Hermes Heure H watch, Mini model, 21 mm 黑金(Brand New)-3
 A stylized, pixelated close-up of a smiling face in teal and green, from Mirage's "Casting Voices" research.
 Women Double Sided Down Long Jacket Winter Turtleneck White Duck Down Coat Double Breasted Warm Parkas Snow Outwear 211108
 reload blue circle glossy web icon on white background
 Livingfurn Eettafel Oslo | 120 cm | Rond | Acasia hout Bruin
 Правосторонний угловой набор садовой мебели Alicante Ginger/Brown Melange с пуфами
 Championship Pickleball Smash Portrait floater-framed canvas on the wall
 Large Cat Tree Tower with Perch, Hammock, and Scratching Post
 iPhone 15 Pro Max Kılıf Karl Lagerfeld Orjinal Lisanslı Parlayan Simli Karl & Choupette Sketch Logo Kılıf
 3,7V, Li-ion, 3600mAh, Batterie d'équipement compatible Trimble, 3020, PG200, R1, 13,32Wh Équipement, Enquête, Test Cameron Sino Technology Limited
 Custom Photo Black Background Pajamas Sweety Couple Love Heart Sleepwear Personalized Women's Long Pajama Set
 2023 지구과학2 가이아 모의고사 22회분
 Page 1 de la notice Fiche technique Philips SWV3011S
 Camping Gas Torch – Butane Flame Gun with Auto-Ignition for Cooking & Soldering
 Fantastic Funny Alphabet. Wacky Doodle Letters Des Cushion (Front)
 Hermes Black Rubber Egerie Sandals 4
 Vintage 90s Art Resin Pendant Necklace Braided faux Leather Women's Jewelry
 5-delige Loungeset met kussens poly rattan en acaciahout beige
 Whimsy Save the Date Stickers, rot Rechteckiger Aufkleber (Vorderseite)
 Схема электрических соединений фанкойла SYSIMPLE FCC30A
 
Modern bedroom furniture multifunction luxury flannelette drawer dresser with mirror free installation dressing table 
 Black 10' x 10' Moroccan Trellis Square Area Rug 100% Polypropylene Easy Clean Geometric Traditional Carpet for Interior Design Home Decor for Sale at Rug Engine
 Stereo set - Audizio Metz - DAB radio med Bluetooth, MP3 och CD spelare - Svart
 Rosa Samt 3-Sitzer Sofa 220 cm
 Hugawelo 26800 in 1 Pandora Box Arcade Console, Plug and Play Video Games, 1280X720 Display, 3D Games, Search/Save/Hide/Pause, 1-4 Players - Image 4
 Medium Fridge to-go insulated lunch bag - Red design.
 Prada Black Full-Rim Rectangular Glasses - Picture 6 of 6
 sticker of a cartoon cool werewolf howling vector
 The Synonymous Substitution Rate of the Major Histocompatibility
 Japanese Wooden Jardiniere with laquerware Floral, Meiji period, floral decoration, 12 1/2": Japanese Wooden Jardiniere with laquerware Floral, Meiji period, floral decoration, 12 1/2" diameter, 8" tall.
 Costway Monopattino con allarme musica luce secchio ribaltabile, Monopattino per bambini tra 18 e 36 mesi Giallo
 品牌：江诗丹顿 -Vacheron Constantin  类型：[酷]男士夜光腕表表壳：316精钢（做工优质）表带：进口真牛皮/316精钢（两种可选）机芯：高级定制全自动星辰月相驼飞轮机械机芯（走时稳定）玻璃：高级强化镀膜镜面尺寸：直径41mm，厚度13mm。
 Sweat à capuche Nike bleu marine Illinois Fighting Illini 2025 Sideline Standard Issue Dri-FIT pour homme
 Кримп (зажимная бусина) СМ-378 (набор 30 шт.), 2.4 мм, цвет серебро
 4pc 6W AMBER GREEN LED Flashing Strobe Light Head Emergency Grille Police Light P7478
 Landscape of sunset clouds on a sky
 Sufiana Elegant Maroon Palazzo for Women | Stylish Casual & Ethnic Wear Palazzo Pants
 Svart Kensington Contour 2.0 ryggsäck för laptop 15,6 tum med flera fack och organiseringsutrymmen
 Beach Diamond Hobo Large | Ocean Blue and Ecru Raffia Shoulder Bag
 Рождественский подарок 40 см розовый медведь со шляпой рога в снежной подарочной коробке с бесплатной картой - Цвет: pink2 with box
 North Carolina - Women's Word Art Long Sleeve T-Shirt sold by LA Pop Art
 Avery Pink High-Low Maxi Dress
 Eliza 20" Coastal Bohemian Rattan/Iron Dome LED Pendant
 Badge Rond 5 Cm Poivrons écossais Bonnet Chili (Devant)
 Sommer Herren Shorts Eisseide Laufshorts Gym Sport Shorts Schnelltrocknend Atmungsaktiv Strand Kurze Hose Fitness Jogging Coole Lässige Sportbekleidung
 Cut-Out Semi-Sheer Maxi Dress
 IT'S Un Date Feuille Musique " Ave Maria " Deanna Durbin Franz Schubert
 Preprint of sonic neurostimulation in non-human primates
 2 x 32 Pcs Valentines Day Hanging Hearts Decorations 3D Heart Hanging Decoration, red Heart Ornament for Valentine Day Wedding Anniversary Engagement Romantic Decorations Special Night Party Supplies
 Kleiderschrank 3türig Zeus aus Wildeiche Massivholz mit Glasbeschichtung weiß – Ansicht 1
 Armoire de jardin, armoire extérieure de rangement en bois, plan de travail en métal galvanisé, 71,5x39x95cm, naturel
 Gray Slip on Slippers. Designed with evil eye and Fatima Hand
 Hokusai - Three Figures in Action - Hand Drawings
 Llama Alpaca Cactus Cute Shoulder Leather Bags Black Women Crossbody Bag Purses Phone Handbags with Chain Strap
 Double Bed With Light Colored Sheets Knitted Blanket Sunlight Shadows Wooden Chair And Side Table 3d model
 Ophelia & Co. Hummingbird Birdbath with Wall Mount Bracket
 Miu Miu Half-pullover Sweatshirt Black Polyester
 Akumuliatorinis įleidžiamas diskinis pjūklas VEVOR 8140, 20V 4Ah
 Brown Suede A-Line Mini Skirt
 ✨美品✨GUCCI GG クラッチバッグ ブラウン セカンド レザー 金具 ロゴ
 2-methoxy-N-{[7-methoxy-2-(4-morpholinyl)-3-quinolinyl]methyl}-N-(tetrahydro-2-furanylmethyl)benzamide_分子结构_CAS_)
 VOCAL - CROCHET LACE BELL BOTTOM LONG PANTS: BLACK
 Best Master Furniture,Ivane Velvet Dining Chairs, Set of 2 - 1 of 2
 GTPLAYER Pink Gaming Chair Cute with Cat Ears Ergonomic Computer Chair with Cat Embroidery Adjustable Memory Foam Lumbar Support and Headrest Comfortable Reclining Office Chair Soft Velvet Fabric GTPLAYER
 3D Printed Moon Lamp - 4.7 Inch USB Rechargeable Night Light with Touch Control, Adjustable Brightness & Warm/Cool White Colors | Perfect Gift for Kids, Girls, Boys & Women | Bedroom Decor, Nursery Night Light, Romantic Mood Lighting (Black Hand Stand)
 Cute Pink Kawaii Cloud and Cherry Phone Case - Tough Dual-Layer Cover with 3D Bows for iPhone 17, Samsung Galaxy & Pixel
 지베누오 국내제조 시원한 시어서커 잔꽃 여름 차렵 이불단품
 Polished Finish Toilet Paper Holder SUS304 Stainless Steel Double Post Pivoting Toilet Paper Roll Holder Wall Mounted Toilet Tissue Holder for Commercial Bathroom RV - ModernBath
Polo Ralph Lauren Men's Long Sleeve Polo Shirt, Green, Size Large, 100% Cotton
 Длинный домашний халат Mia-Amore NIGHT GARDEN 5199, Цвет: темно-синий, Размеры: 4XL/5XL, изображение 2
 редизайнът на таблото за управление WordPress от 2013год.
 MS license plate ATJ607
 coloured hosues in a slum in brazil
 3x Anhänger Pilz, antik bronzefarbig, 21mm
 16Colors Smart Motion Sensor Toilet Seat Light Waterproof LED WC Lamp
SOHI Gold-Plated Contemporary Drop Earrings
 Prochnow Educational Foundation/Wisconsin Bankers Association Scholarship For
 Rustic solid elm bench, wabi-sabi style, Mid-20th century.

> _ACTIVITY_
Looking at the records above, return exactly the lines from the line with "Llama Alpaca Cactus" to the line with "редизайнът на таблото", both ends included.

> _REPLY TO THE EXERCISE_
 Llama Alpaca Cactus Cute Shoulder Leather Bags Black Women Crossbody Bag Purses Phone Handbags with Chain Strap
 Double Bed With Light Colored Sheets Knitted Blanket Sunlight Shadows Wooden Chair And Side Table 3d model
 Ophelia & Co. Hummingbird Birdbath with Wall Mount Bracket
 Miu Miu Half-pullover Sweatshirt Black Polyester
 Akumuliatorinis įleidžiamas diskinis pjūklas VEVOR 8140, 20V 4Ah
 Brown Suede A-Line Mini Skirt
 ✨美品✨GUCCI GG クラッチバッグ ブラウン セカンド レザー 金具 ロゴ
 2-methoxy-N-{[7-methoxy-2-(4-morpholinyl)-3-quinolinyl]methyl}-N-(tetrahydro-2-furanylmethyl)benzamide_分子结构_CAS_)
 VOCAL - CROCHET LACE BELL BOTTOM LONG PANTS: BLACK
 Best Master Furniture,Ivane Velvet Dining Chairs, Set of 2 - 1 of 2
 GTPLAYER Pink Gaming Chair Cute with Cat Ears Ergonomic Computer Chair with Cat Embroidery Adjustable Memory Foam Lumbar Support and Headrest Comfortable Reclining Office Chair Soft Velvet Fabric GTPLAYER
 3D Printed Moon Lamp - 4.7 Inch USB Rechargeable Night Light with Touch Control, Adjustable Brightness & Warm/Cool White Colors | Perfect Gift for Kids, Girls, Boys & Women | Bedroom Decor, Nursery Night Light, Romantic Mood Lighting (Black Hand Stand)
 Cute Pink Kawaii Cloud and Cherry Phone Case - Tough Dual-Layer Cover with 3D Bows for iPhone 17, Samsung Galaxy & Pixel
 지베누오 국내제조 시원한 시어서커 잔꽃 여름 차렵 이불단품
 Polished Finish Toilet Paper Holder SUS304 Stainless Steel Double Post Pivoting Toilet Paper Roll Holder Wall Mounted Toilet Tissue Holder for Commercial Bathroom RV - ModernBath
Polo Ralph Lauren Men's Long Sleeve Polo Shirt, Green, Size Large, 100% Cotton
 Длинный домашний халат Mia-Amore NIGHT GARDEN 5199, Цвет: темно-синий, Размеры: 4XL/5XL, изображение 2
 редизайнът на таблото за управление WordPress от 2013год.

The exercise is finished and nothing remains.